▶ _Data_:
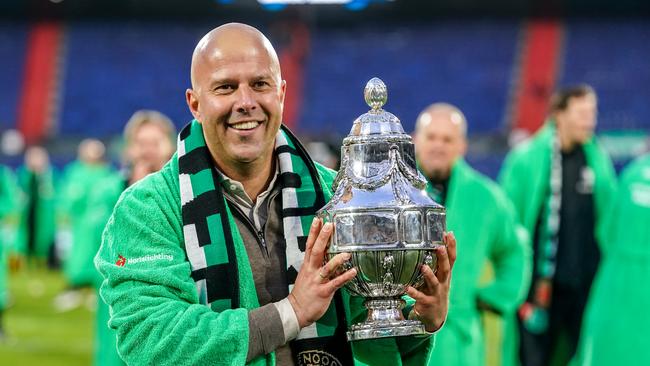 Head Coach Arne Slot of Feyenoord with the TOTO KNVB Cup trophy. (Photo by Andre Weening/BSR Agency/Getty Images)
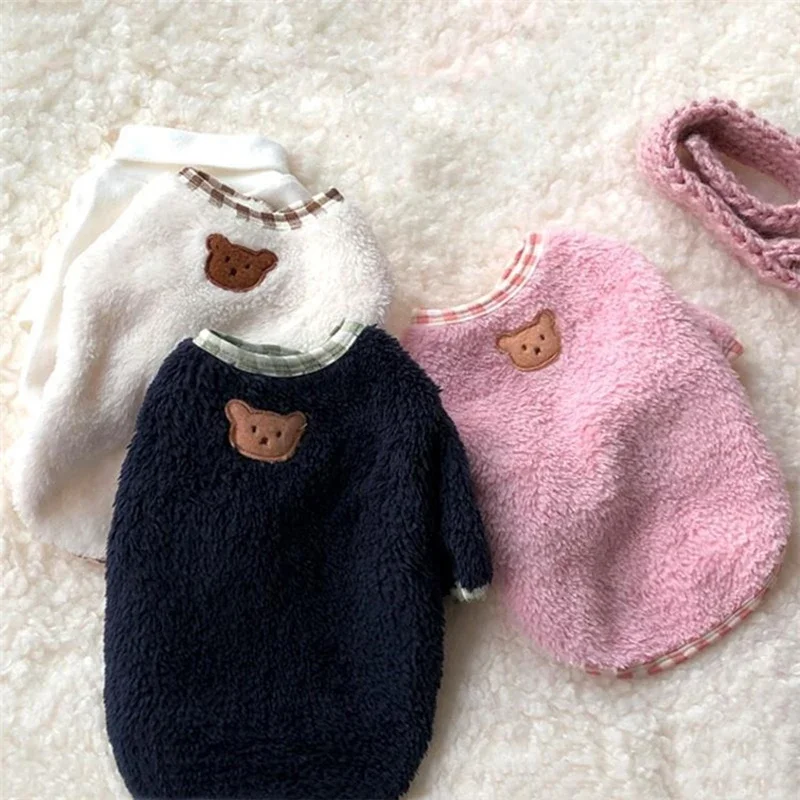 Cute Cartoon Pet Pet Vest Autumn Winter Warm Coral Fleece Dog Clothes Soft Comfortable Pet Dog Sweater Vests Pet Supplies Pets
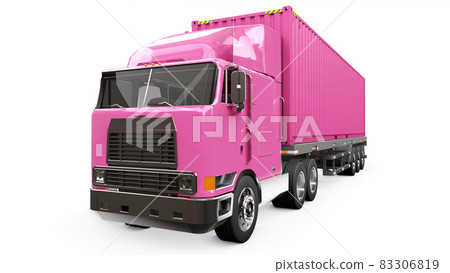 A large retro pink truck with a sleeping part and an aerodynamic extension carries a trailer with a sea container. 3d rendering. 83306819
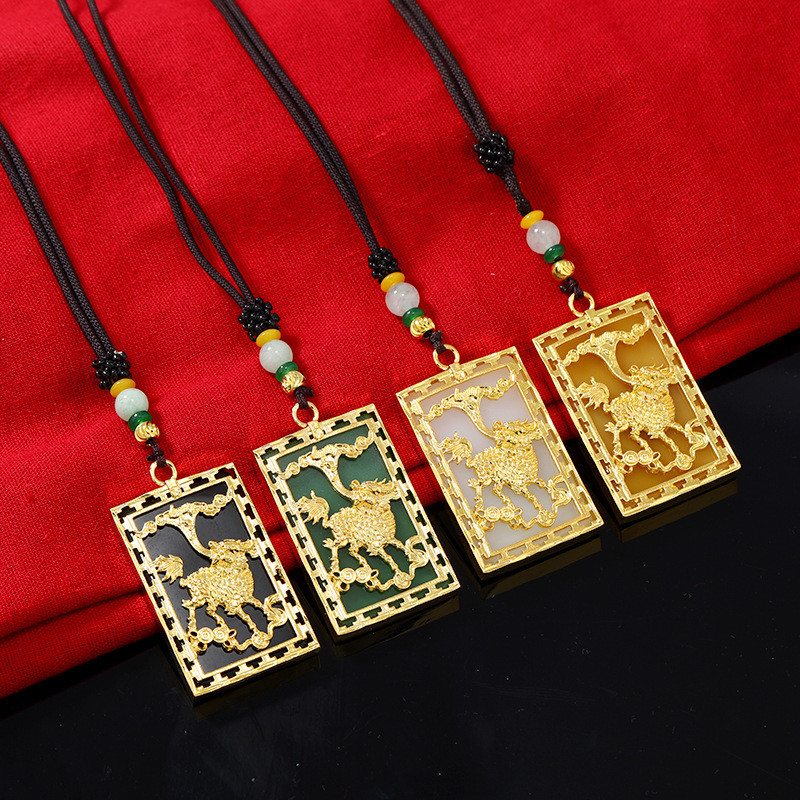 Popular~Ancient-style alloy Qilin pendant necklace with jade and black obsidian dragon plaque, men's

▶ _Task brief_: Please return the full listing exactly as given, with the images left out.

▶ _Written response_:
 Head Coach Arne Slot of Feyenoord with the TOTO KNVB Cup trophy. (Photo by Andre Weening/BSR Agency/Getty Images)
 Cute Cartoon Pet Pet Vest Autumn Winter Warm Coral Fleece Dog Clothes Soft Comfortable Pet Dog Sweater Vests Pet Supplies Pets
 A large retro pink truck with a sleeping part and an aerodynamic extension carries a trailer with a sea container. 3d rendering. 83306819
 Popular~Ancient-style alloy Qilin pendant necklace with jade and black obsidian dragon plaque, men's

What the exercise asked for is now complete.